Information-theoretic model comparison unifies saliency metrics

Significance Where do people look in images? Predicting eye movements from images is an active field of study, with more than 50 quantitative prediction models competing to explain scene viewing behavior. Yet the rules for this competition are unclear. Using a principled metric for model comparison (information gain), we quantify progress in the field and show how formulating the models probabilistically resolves discrepancies in other metrics. We have also developed model assessment tools to reveal where models fail on the database, image, and pixel levels. These tools will facilitate future advances in saliency modeling and are made freely available in an open source software framework (www.bethgelab.org/code/pysaliency). Learning the properties of an image associated with human gaze placement is important both for understanding how biological systems explore the environment and for computer vision applications.
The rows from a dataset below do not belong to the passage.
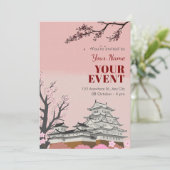 パステルピンクの日本花 招待状 (スタンド正面)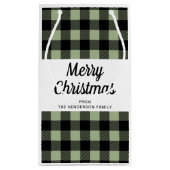 Petit Sac Cadeau Sage Green Plaid Joyeux Noël (Dos)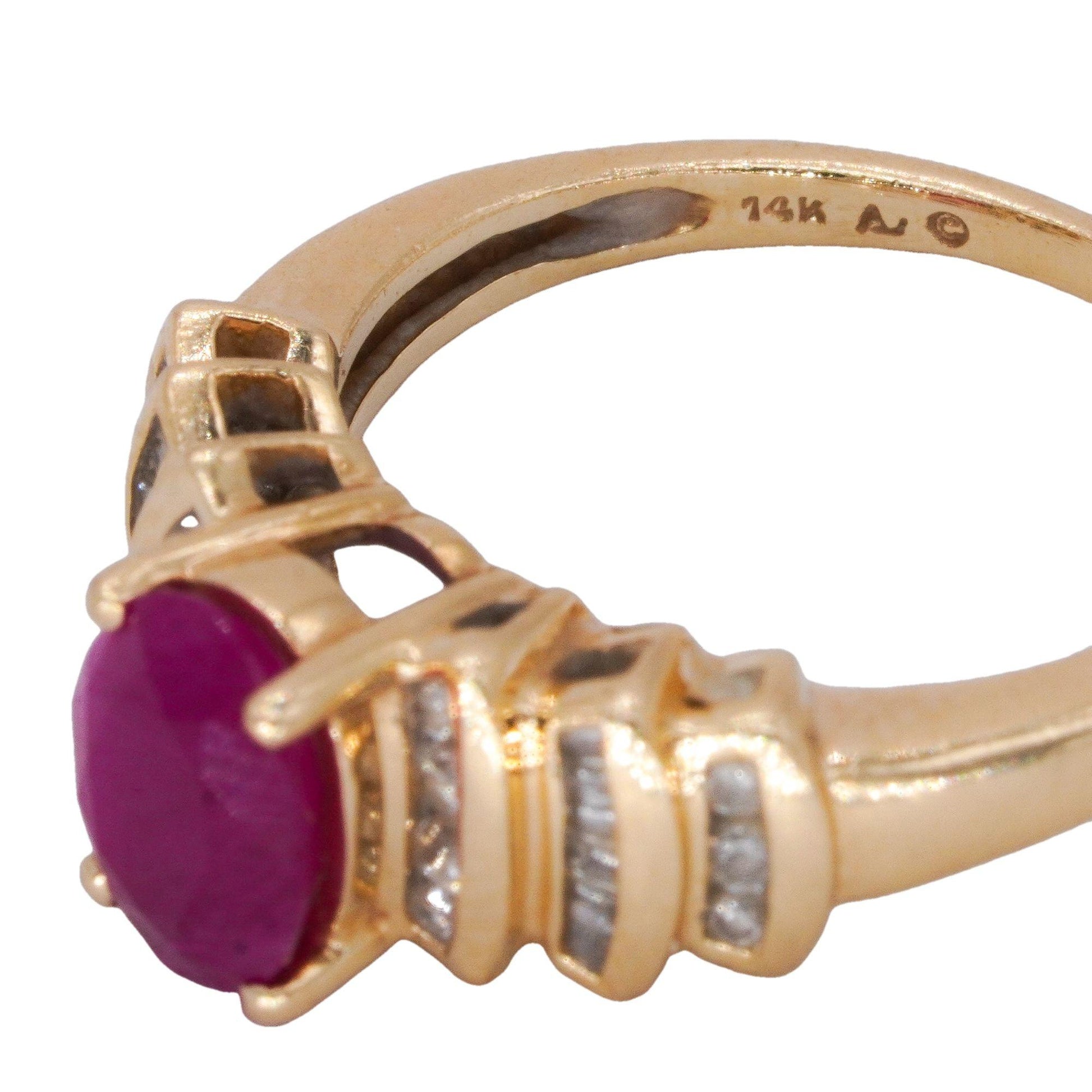 14k Yellow Gold Jewelry 1.50CT Diamond and Ruby Cocktail Ring size 5.75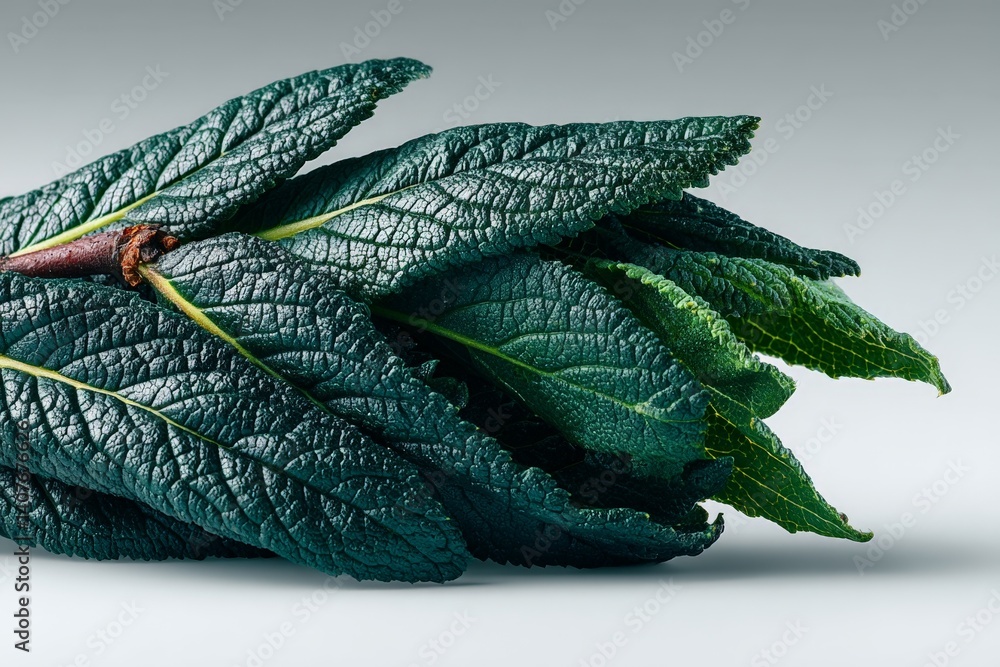 Poster fresh green leaves arranged neatly on a light background showcasing their texture and color
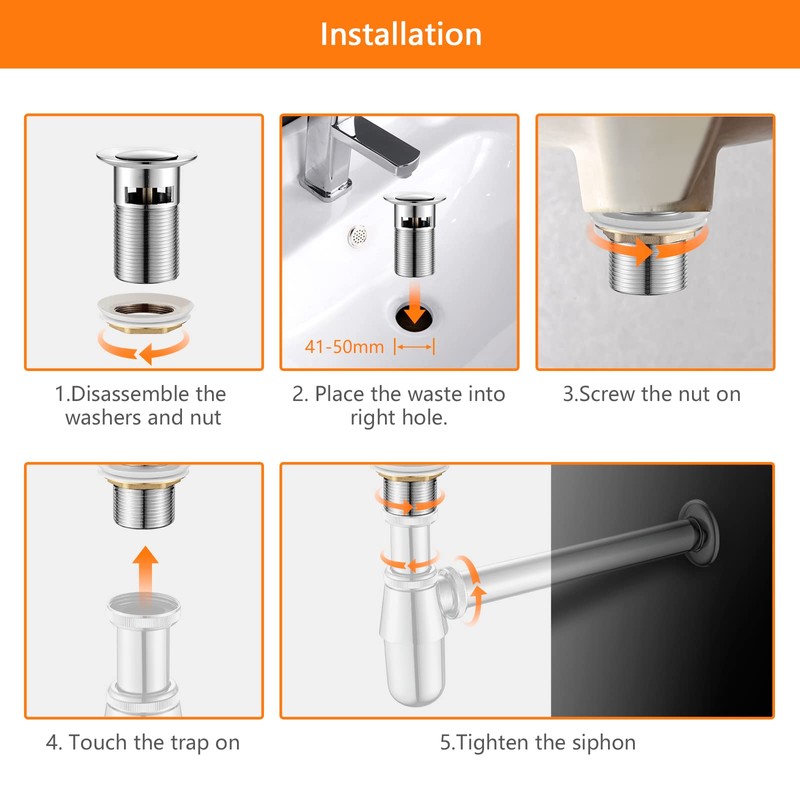 Ibergrif - Slotted Sink Brain with Overflow, Pop-up Bathroom Waste
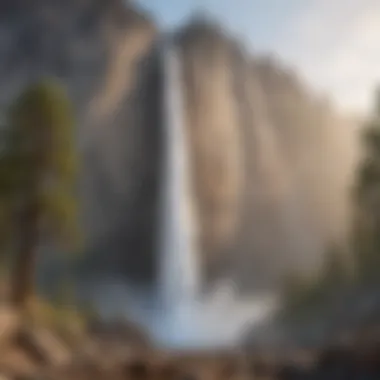 Breathtaking view of Yosemite Falls cascading down rocky cliffs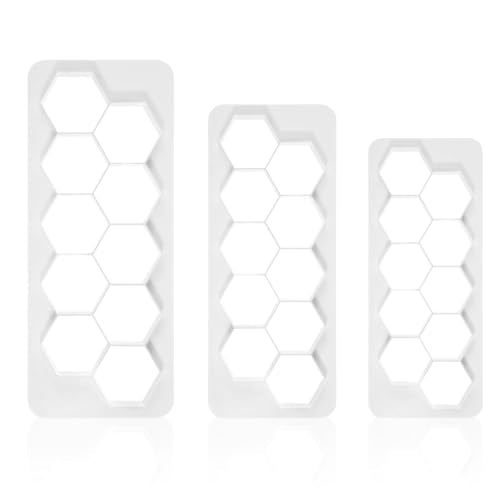 3Pcs Hexagon Cookie Cutter, 3 Size Plastic Cake Fondant Cutter Biscuit Cutters Geometric Baking Tools Cake Decorating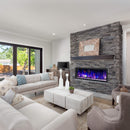 DYNASTY CASCADE 54" Recessed Smart Linear Electric Fireplace With Dynasty App [DY-BTX54] SAKSBY - Living Room View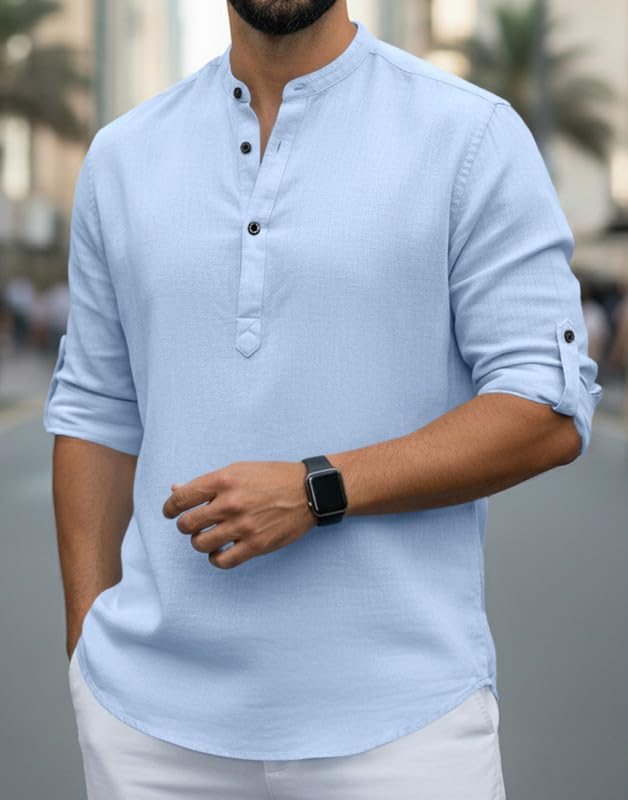 Image of Men Cotton Blend Mandarin Collar Casual Kurta Shirt | Roll-Up Sleeves | Regular Fit Ethnic Short Kurta for Daily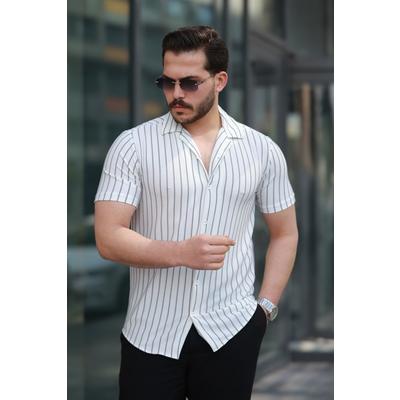 Erkek Kısa Kollu Gri çizgi Desenli örme Kumaş Pamuklu Gömlek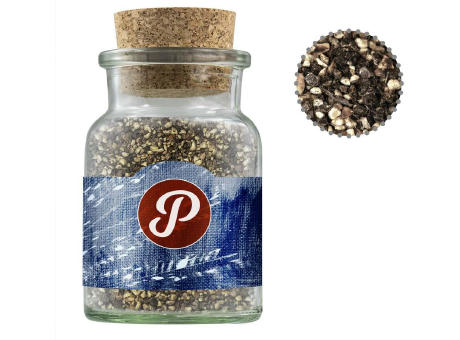 Product image Pfeffer geschrotet, ca. 65g, Korkenglas Werbeartikel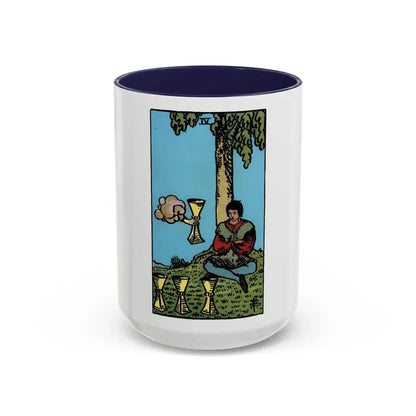 The 4 of Cups (Tarot Card) Accent Coffee Mug 15oz Navy - Go Mug Yourself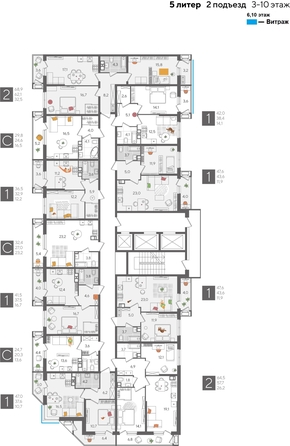 
  Продается студия, 24.7 м², ЖК Рекорд 2, литера 5
. Фото 2.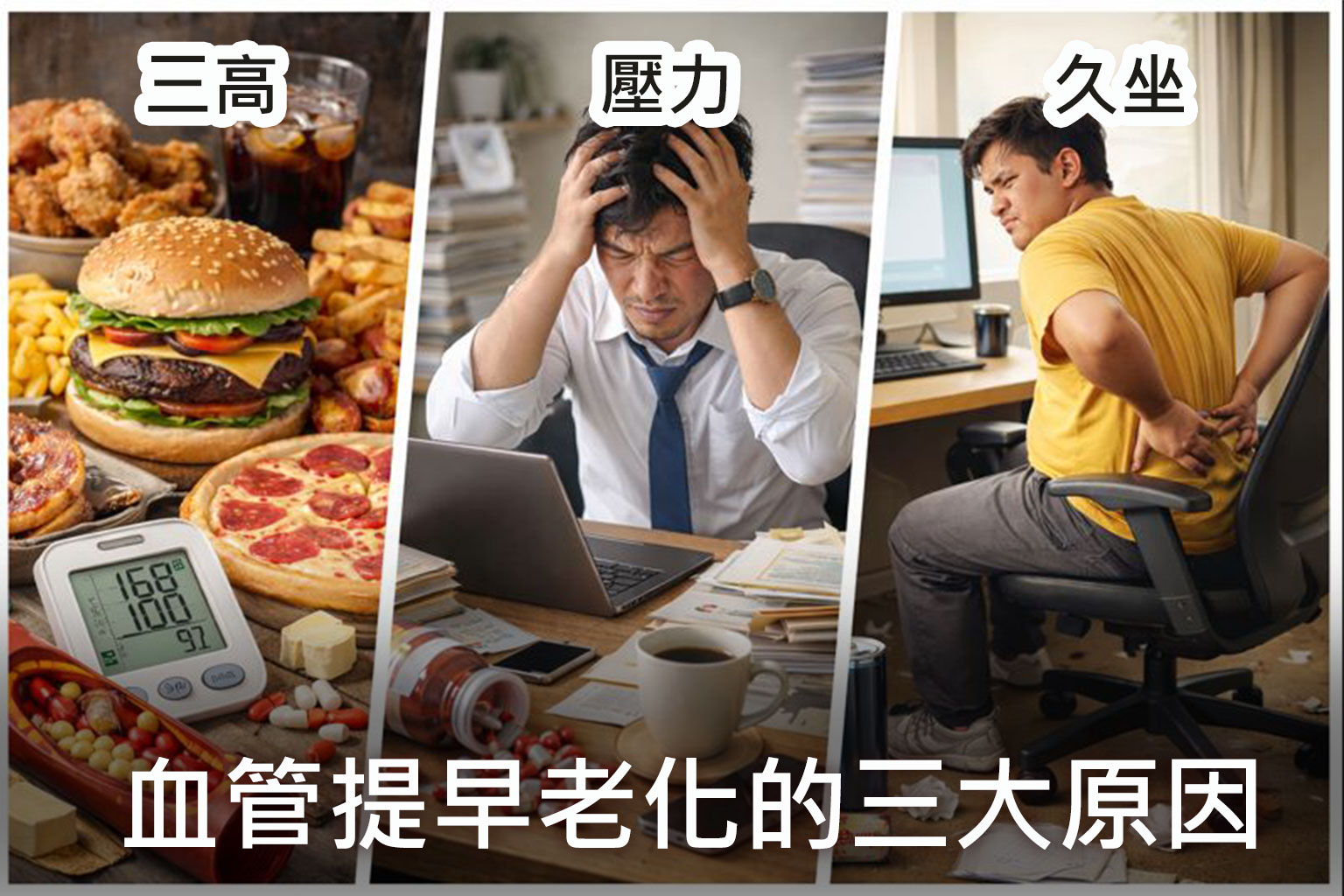 血管提早老化的三大原因：三高飲食、工作壓力、長期久坐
There is a large literature on quantitative eye movement models that seeks to predict fixations from images (sometimes termed “saliency” prediction). A major problem known to the field is that existing model comparison metrics give inconsistent results, causing confusion. We argue that the primary reason for these inconsistencies is because different metrics and models use different definitions of what a “saliency map” entails. For example, some metrics expect a model to account for image-independent central fixation bias whereas others will penalize a model that does. Here we bring saliency evaluation into the domain of information by framing fixation prediction models probabilistically and calculating information gain. We jointly optimize the scale, the center bias, and spatial blurring of all models within this framework. Evaluating existing metrics on these rephrased models produces almost perfect agreement in model rankings across the metrics. Model performance is separated from center bias and spatial blurring, avoiding the confounding of these factors in model comparison. We additionally provide a method to show where and how models fail to capture information in the fixations on the pixel level. These methods are readily extended to spatiotemporal models of fixation scanpaths, and we provide a software package to facilitate their use.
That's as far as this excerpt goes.